Vladimir and Vera Nabokov outside the house on East Seneca Street

Vladimir and Vera Nabokov outside the house on East Seneca Street

Vladimir Nabokov

Vladimir Nabokov

802 East Seneca Street

802 East Seneca Street
When Vladimir Nabokov and his family arrived in Ithaca in 1948, he was relatively unknown outside of literary circles. His most well-known novels were yet to be written, although he had served as a one-man Russian department at Wellesley for several years. 
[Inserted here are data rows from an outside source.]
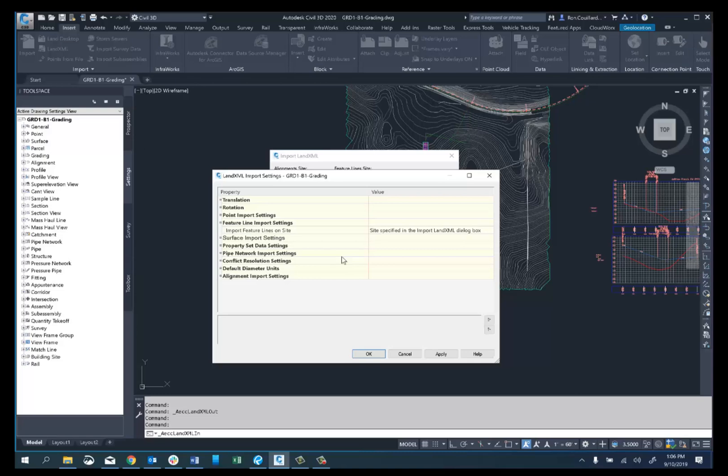They have to be created from the objects first before they can be exported out. So keep that in mind — your alignments and corridor feature lines that are tied to those objects have to be created before they can be exported.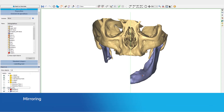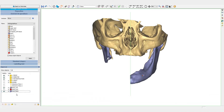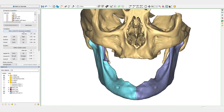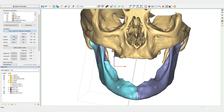Now that we've simulated the resection, we will mirror the healthy side of the mandible to the contralateral side by using the mid-sagittal plane. In a final step, the position of the mirrored mandible can be fine-tuned taking into account the position of the condyles and the information in the CT images.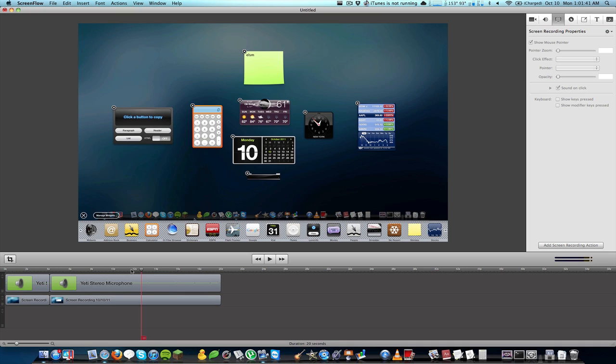So just think about that if you're going to upgrade, and I hope this has helped you in deciding whether or not you need ScreenFlow 3.0. I'll definitely be using it in my future screencasts, I just think it's not really that worth it. So I hope you've enjoyed this video and I hope you subscribe, see you next time.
Nabokov lived in at least ten houses during his time in Ithaca, and typically didn't stay in a residence for more than a year. For much of the time that he lived in Ithaca, his son, Dmitri, attended boarding school in New Hampshire, and Vladimir and his wife, Vera, moved frequently between the homes of various professors. 

They moved into the home on East Seneca Street in the fall of 1948 and lived there until sometime in 1950. It was during his time in Ithaca that Nabokov completed both Lolita and Pnin, and numerous sources state that it was in the Seneca Street house that Lolita was finished. According to Ithaca lore, it was while riding city buses that the author mastered the language of teenage girls, and it was--again, according to local lore--at the Seneca Street house that Vera talked her husband out of incinerating the scandalous manuscript.

Even though the house was quite a bit larger than Nabokov preferred, he and Vera stayed there longer than they stayed in any of their other residences in Ithaca. He left Cornell in 1959 with the intention of taking a one-year sabbatical, but with the success of Lolita, Nabokov found he no longer needed a teaching position to be financially stable and resigned from the university in 1959.

Please be advised that the home is a private residence. 
Nabokov at Cornell. Cornell Celebrates the 50th Anniversary of Nabokov's Lolita. . Accessed January 02, 2019. http://rmc.library.cornell.edu/lolita/cornell/index.html.

Githler, Charley. Famous Ithacans. Ithaca.com. August 19, 2015. Accessed January 02, 2019. https://www.ithaca.com/special_sections/newcomers_guide/famous-ithacans/article_1c88cf4e-4688-11e5-ac2f-c36378b55c32.html.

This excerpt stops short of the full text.